Goal of the exercise: Repeat the listing that follows exactly. Pictures are not part of the copy.

________

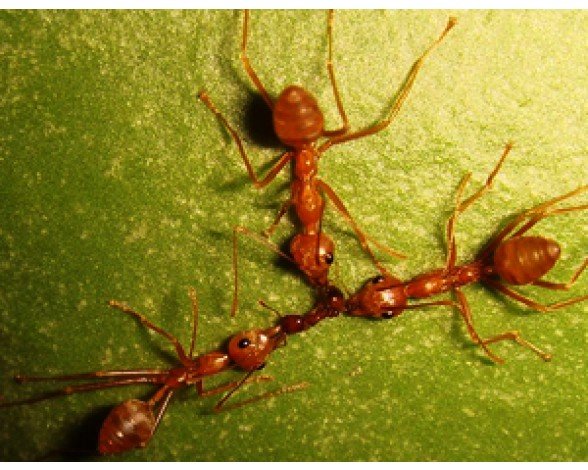 Красные муравьи жнецы фото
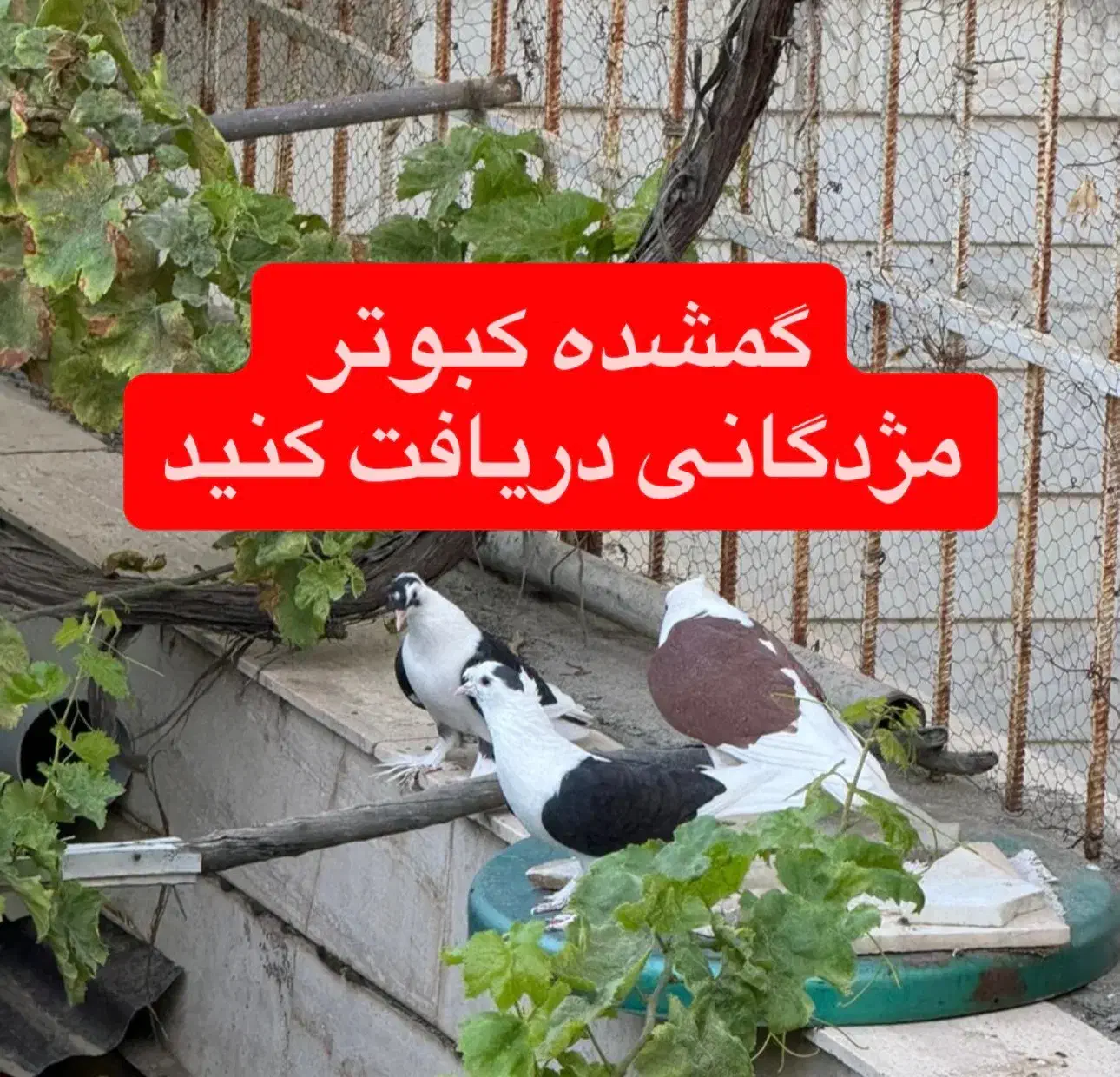 کبوتر گمشده|پرنده|تربت‌حیدریه, مظفریه|دیوار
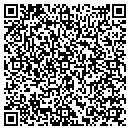 QR code with Pulla A Part contacts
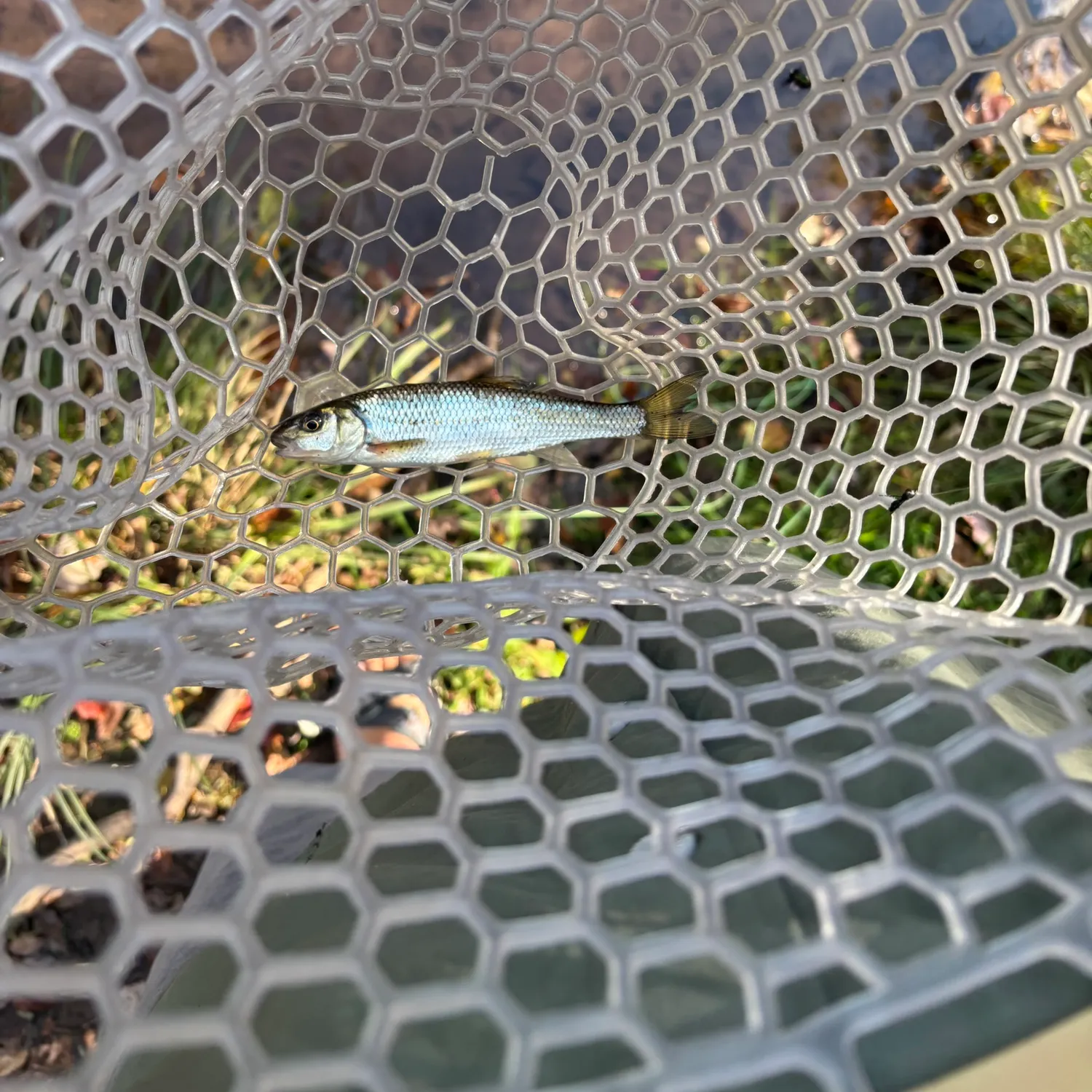 Fallfish caught on Fishbrain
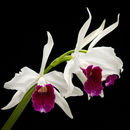 Слика од Cattleya purpurata (Lindl. & Paxton) Rollisson ex Lindl.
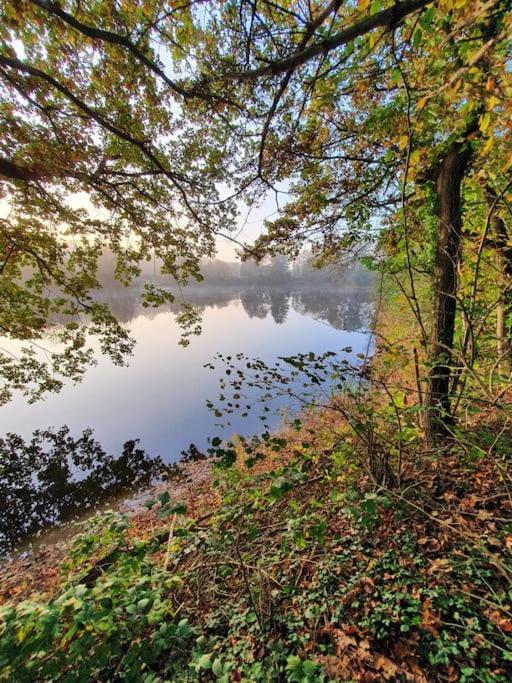 Ferienhaus Blauer See Mit Optionalem Hot-Tub بوكهورن المظهر الخارجي الصورة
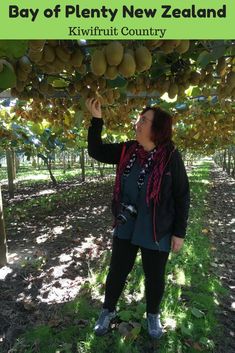 a woman standing under a tree with lots of fruit hanging from it's branches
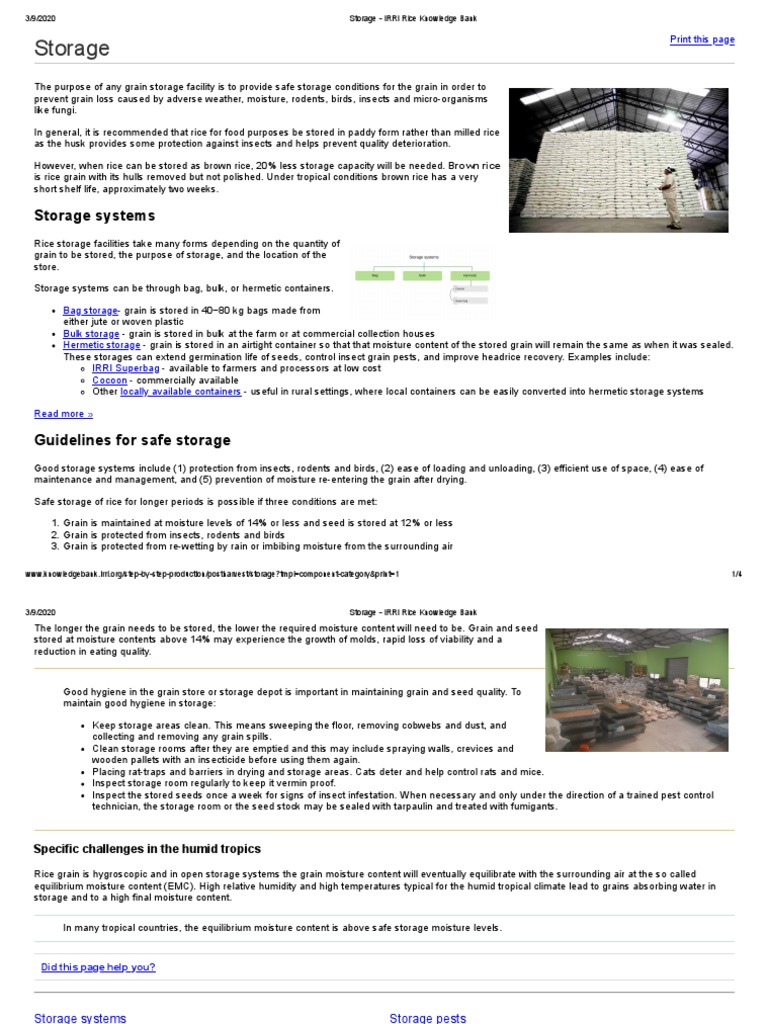 Storage - IRRI Rice Knowledge Bank | PDF | Rice | Agriculture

________

Exercise result:
 Красные муравьи жнецы фото
 کبوتر گمشده|پرنده|تربت‌حیدریه, مظفریه|دیوار
 QR code with Pulla A Part contacts
 Fallfish caught on Fishbrain
 Слика од Cattleya purpurata (Lindl. & Paxton) Rollisson ex Lindl.
 Ferienhaus Blauer See Mit Optionalem Hot-Tub بوكهورن المظهر الخارجي الصورة
 a woman standing under a tree with lots of fruit hanging from it's branches
 Storage - IRRI Rice Knowledge Bank | PDF | Rice | Agriculture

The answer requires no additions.